- What needs to be done
Starting at the line that holds "Oshi no ko, Vol. 7, Oshi no ko, 7", quote every line through the end of the records, both boundary lines included. Omit the pictures.

■ ■ ■

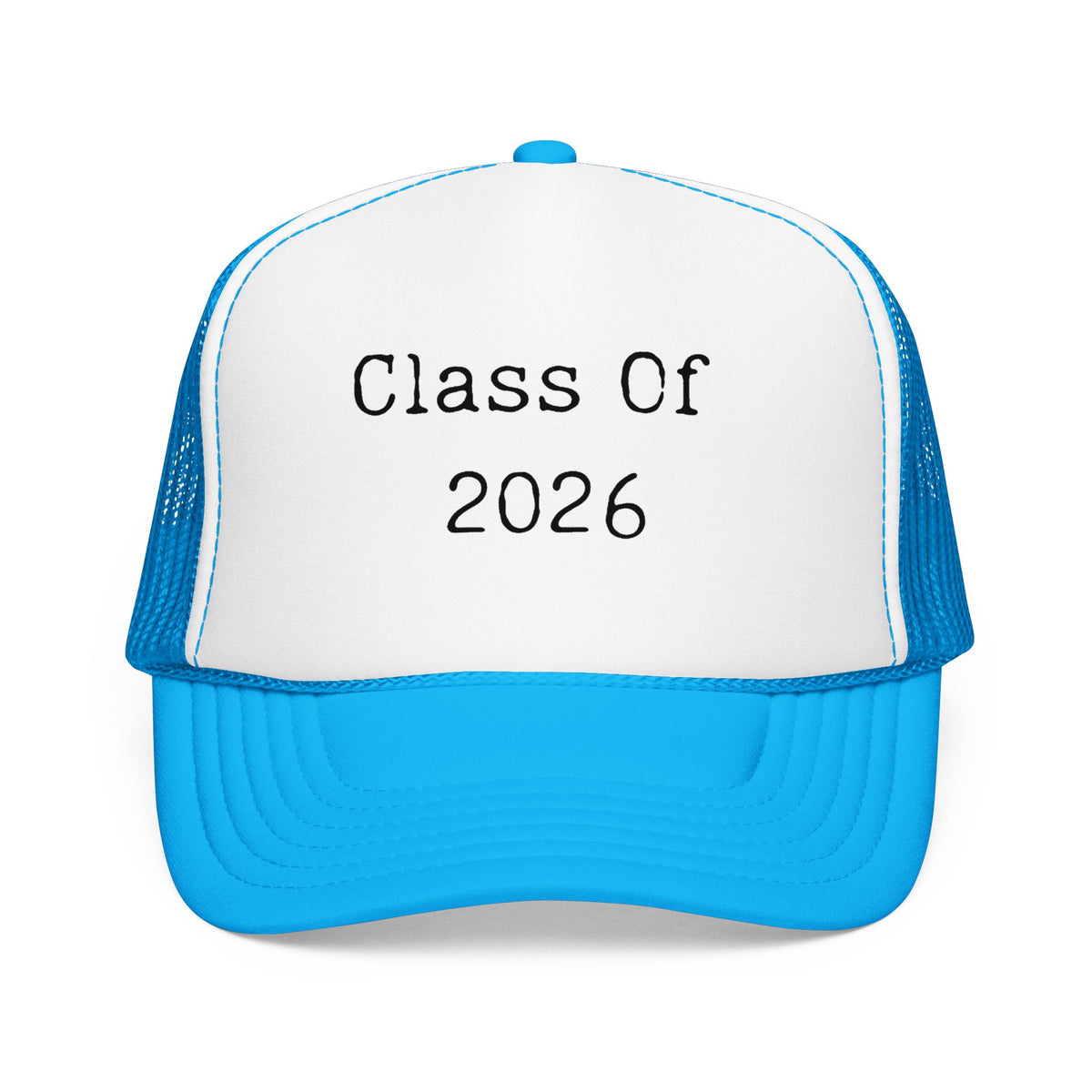 Foam Trucker Hat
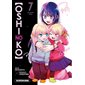 Oshi no ko, Vol. 7, Oshi no ko, 7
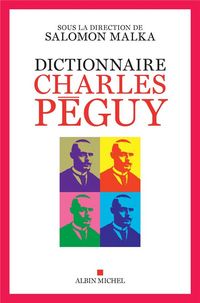 Produktbild: Dictionnaire Charles Peguy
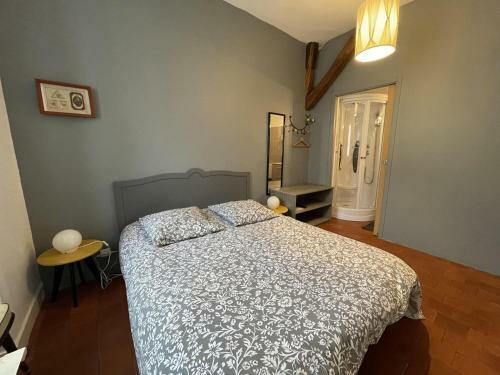 Bed & Breakfast Chambres D'h�tes (b&b) Le Nid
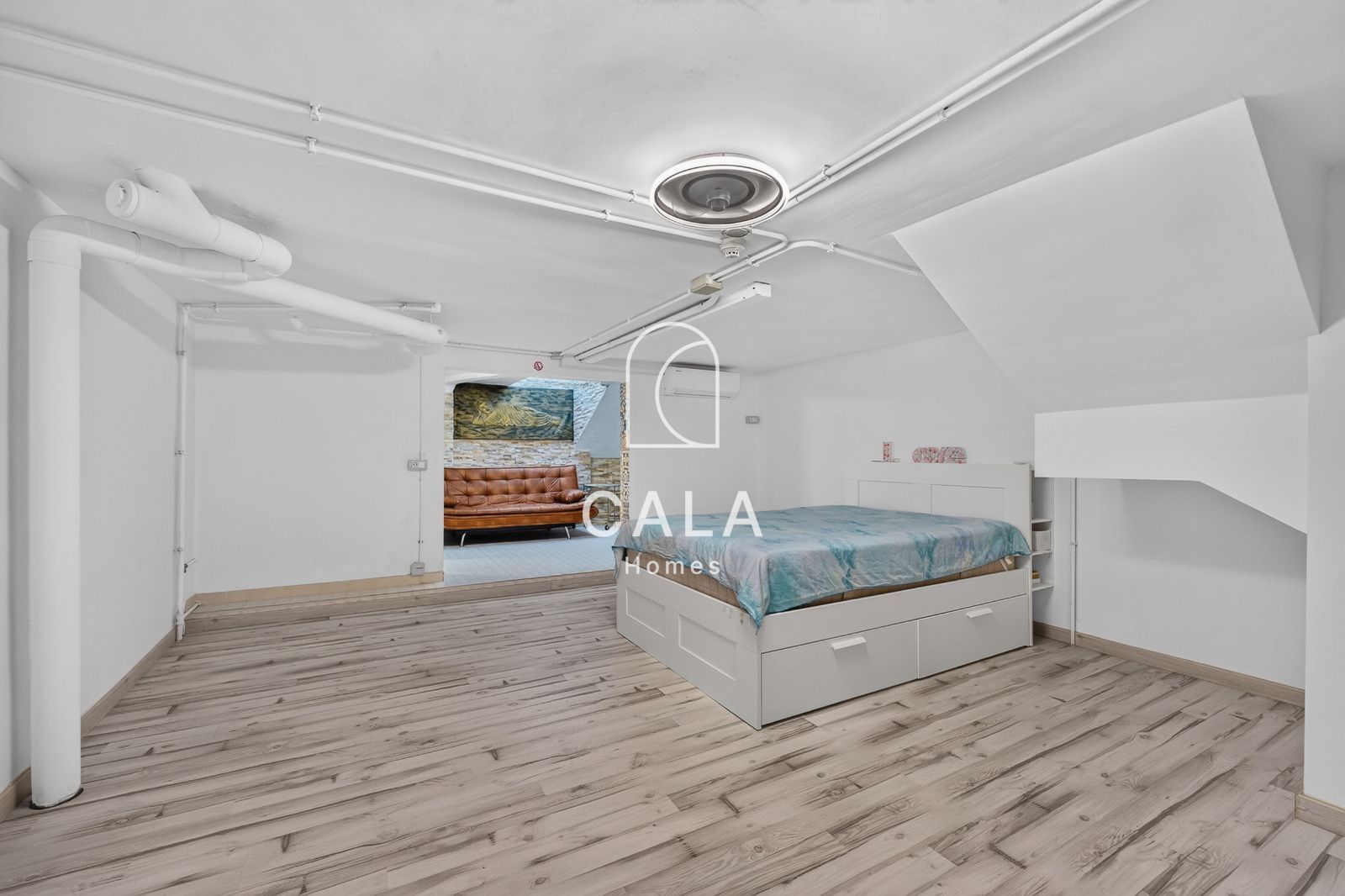 Townhouse – Villas del Mirador del Duque, El Madroñal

■ ■ ■

- Solution to this task
 Oshi no ko, Vol. 7, Oshi no ko, 7
 Produktbild: Dictionnaire Charles Peguy
 Bed & Breakfast Chambres D'h�tes (b&b) Le Nid
 Townhouse – Villas del Mirador del Duque, El Madroñal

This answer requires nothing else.